# ARHA US Championship



## Corey (Feb 16, 2010)

If you would have asked me last year if I would 
ever try this I would have flat out told you no, 
im a Rabbit Hunter not a Field Trailer but I 
got the bug! 

Well thanks to Beagler282 and the good folks 
at Pine Mountain Beagle Club im going to try
it. I have been working with Little Man for the
last 3 months trying to get him ready, that's 
getting up at the butt crack of dawn and getting 
him out there 3-4 times a week running for two 
hour and getting back in time for me to be at 
work by 11am. He has seen about every weather 
condition mother nature can throw at him, I have 
been threw a bran new pair of Boggs boots and 
plenty of walking up and down the hills at my lease. 

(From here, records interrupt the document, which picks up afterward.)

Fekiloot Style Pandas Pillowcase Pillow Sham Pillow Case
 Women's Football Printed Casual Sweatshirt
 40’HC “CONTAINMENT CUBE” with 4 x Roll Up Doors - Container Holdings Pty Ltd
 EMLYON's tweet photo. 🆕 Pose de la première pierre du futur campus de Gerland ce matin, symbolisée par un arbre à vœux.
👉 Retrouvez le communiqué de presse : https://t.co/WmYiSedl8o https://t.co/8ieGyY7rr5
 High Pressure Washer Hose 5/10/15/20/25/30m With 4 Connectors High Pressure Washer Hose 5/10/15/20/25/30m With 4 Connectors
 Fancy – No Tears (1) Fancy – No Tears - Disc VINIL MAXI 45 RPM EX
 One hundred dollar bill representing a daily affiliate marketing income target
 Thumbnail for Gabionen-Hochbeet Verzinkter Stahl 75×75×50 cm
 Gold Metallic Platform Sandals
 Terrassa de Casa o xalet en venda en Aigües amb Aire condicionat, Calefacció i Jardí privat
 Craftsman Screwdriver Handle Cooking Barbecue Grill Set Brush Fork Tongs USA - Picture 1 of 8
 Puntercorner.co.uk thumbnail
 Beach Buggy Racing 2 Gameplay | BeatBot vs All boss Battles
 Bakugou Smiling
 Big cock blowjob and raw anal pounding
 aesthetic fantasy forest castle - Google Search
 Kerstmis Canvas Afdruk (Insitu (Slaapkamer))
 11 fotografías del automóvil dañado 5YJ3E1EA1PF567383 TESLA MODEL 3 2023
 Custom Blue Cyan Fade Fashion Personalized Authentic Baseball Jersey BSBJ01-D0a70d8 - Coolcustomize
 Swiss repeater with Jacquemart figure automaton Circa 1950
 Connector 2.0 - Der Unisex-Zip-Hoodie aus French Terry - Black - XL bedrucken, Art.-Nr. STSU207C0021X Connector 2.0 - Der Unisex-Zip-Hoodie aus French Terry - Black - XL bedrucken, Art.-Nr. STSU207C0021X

To make a long story short I give all you field trailer 
props that have all these Grands and Hall of fame 
dogs, I never knew it was this much work but I have 
enjoyed every min of it.  

So Feb 26th I will be in Lynnville, In with Little Man 
trying to beat some of the best dogs in the US and 
im hoping im ready for it.


----------



## Dreamer69 (Feb 16, 2010)

Best of luck to you Corey.


----------



## crackerdave (Feb 16, 2010)

I know you'll do good,Corey!

Ted Jackson is a "homeboy" on here - he's into field trial beaglin' big-time! I can't even get him to _go_ squirrel huntin' no more.


----------



## Daddy Rabbit Kennels (Feb 16, 2010)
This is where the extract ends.